First I need to tell you about us and balloons. I do not like balloons in the house with young children because I don’t consider them a safe toy so whenever my kids would get balloons like at HEB or other places I would make them pop them and throw them away as soon as they started to deflate. After several meltdowns over busted balloons, I devised a new tactic. Either in the parking lot at our car or in the driveway once we got home, we’d let them go and watch them float away in the sky. The kids thought that was a lot of fun and I became “fun mommy” again.
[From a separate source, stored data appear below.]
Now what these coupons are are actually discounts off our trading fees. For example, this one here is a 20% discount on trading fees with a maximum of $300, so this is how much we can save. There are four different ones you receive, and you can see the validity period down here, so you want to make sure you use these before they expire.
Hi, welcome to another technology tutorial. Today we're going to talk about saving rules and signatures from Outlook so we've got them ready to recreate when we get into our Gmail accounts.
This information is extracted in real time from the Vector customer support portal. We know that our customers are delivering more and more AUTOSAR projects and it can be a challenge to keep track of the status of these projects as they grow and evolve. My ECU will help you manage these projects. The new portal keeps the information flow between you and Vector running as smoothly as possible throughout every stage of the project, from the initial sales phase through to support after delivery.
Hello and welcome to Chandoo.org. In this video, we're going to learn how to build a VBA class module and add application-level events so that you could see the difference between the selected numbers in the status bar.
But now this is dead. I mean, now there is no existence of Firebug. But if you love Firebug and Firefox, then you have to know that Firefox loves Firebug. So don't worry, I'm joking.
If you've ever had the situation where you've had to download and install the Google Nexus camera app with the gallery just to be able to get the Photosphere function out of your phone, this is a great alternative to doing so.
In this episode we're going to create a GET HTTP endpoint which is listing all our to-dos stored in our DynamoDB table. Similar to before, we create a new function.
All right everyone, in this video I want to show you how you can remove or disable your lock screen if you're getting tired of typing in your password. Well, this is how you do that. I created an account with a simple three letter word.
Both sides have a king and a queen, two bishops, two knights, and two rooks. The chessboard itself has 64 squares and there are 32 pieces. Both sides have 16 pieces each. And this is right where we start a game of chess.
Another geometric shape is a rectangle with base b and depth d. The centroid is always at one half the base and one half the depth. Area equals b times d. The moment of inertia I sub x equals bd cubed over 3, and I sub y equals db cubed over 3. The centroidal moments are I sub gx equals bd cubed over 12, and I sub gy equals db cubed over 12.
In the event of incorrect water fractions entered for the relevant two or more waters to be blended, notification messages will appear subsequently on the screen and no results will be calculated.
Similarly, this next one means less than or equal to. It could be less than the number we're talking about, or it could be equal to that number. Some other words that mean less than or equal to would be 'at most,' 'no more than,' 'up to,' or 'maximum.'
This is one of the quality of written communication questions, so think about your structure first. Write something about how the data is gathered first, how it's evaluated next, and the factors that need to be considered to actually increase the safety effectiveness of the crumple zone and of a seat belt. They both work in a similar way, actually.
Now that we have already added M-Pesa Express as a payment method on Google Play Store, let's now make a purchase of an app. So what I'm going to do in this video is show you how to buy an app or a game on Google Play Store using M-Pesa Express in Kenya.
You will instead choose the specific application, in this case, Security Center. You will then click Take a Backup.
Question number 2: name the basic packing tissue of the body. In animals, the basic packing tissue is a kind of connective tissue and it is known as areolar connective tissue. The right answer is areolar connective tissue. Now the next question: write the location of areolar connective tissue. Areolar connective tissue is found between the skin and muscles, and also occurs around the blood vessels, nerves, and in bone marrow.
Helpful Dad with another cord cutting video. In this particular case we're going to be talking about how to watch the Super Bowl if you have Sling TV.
So Monday we set out to release balloons to celebrate Knox’s birth. There is no denying how sad we were on this day and there was a resurgence of grief over not getting to celebrate WITH him. I do love my 3 yr olds, but we had determined that his birthday is a day for celebrating his life so that is what we wanted to do. We bought 3 balloons each in a different color for each member of our family so 24 in all. It was a crazy windy day and we didn’t give much thought to particulars like how we were going to get them and our kids all in our van or how tangled up they would become. Fortunately, reinforcements were handy for help with the transportation and we somehow got everyone and balloons to the park. Because we had such trouble with them tangling, we let Jon’s, mine, and Creed’s loose as we got them separated. The kids took turn doing this. Then we gave them each of theirs. They let them go one by one watching them float away until they each had one left. Then they let those go together. Lastly, I let baby blue ones go for Knox. It was nice to do something “fun” on his birthday; something he would have been familiar with and enjoyed, but like Anne Michal said, “it was kind of like letting him go again.” That was hard.
We started a new tradition this year. It was way too windy to use plates and forks and napkins so we all just grabbed a fork and dug in. WE decided this is the way we will eat birthday cake from now on. The kids had a blast eating cake this way.